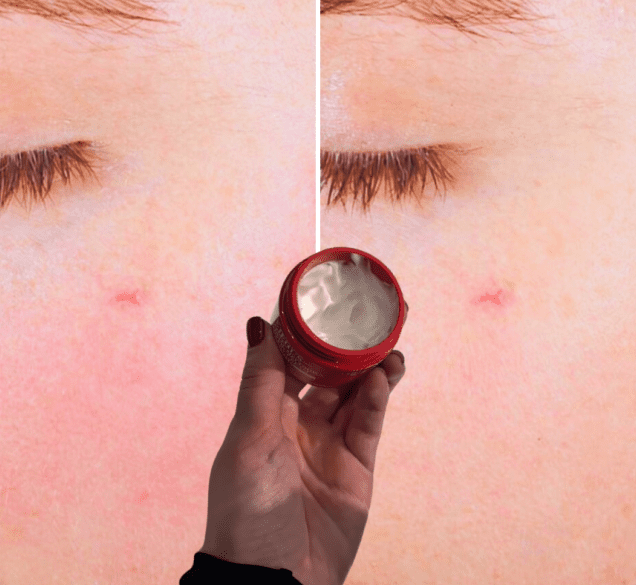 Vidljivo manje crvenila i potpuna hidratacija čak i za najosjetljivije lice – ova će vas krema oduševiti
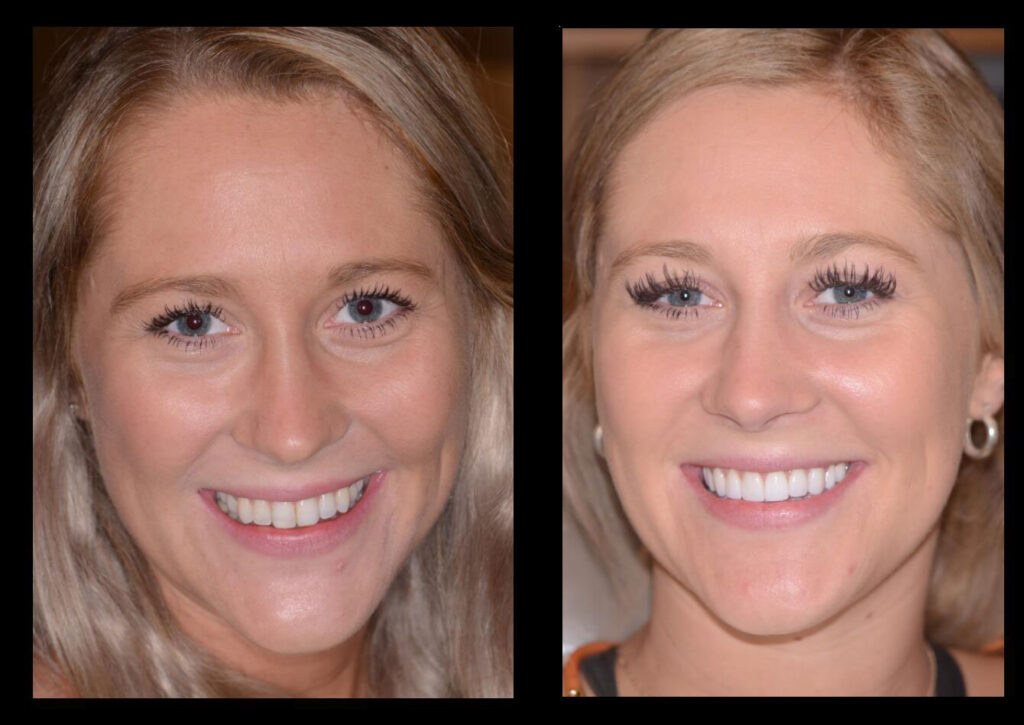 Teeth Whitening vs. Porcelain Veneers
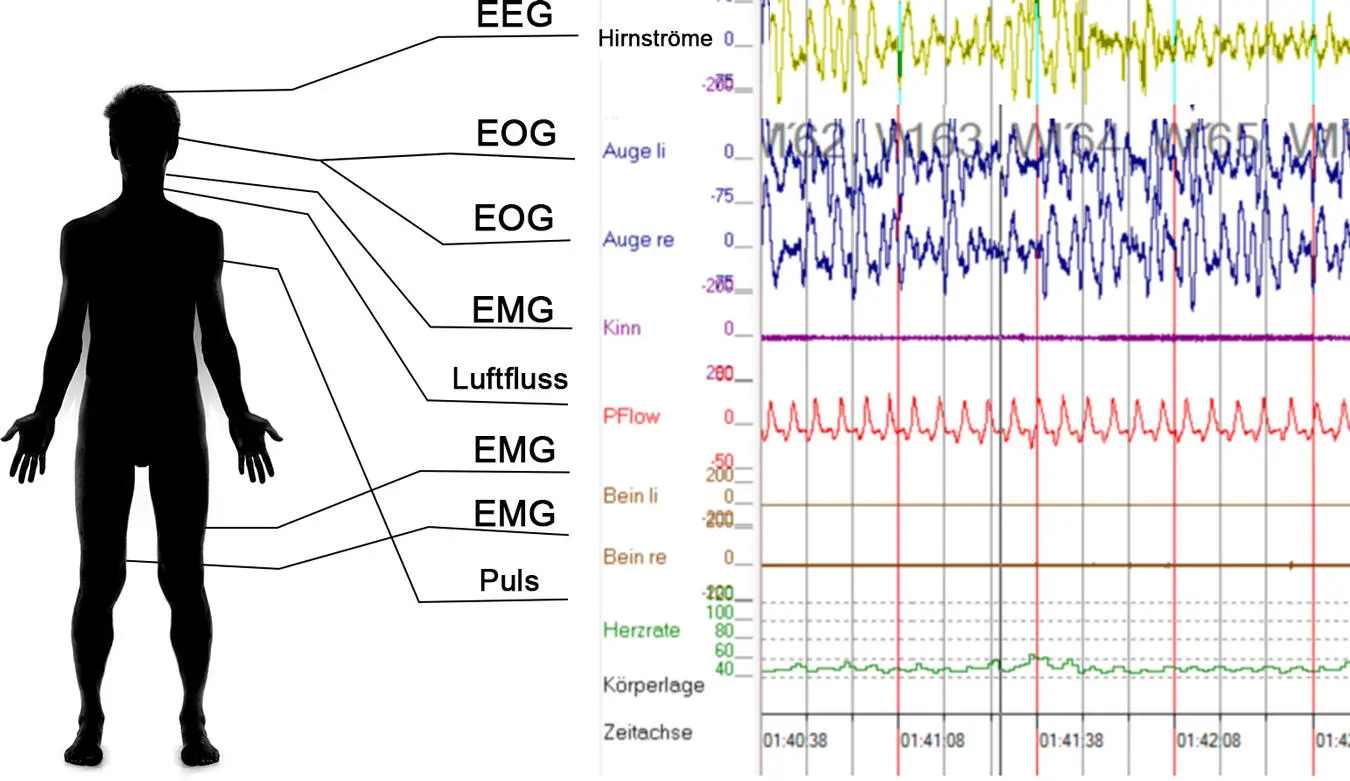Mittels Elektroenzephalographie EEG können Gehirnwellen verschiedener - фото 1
---
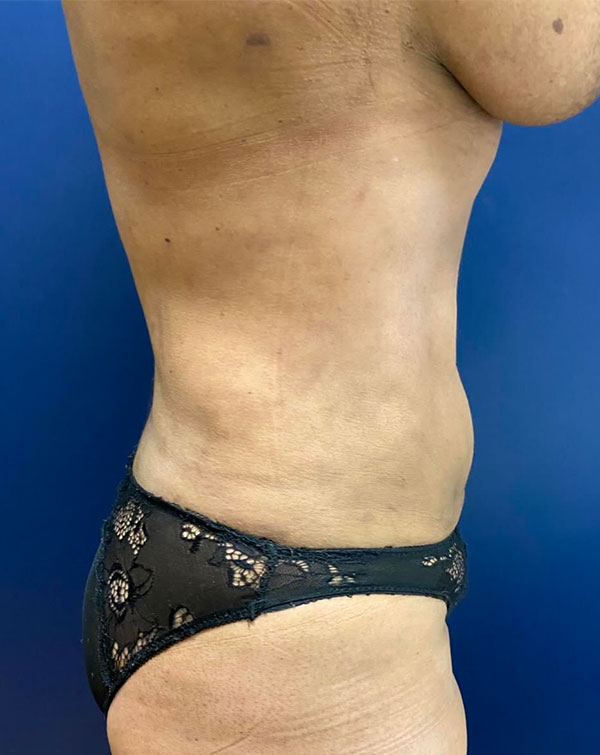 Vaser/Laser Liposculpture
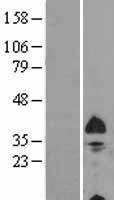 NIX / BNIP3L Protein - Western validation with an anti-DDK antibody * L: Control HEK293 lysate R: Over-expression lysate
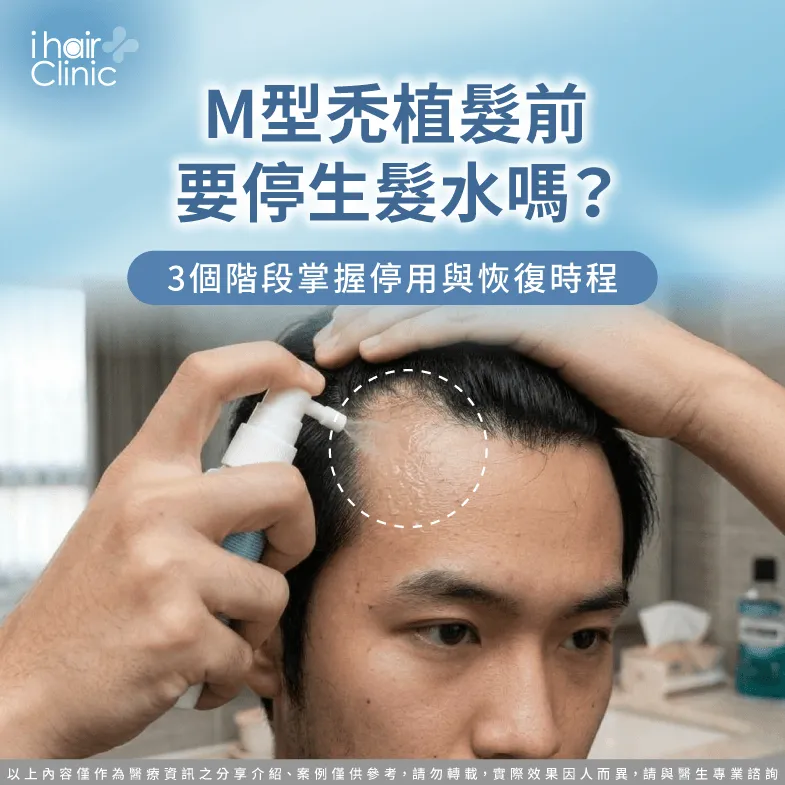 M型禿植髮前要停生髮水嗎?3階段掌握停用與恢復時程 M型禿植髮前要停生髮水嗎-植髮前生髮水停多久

■ The problem:
Going by the entries above, repeat exactly the lines that start at the line with "NIX / BNIP3L" and go on through the line with "M型禿植髮前要停生髮水嗎?3". Pictures are not part of the copy.

■ Exercise response:
 NIX / BNIP3L Protein - Western validation with an anti-DDK antibody * L: Control HEK293 lysate R: Over-expression lysate
 M型禿植髮前要停生髮水嗎?3階段掌握停用與恢復時程 M型禿植髮前要停生髮水嗎-植髮前生髮水停多久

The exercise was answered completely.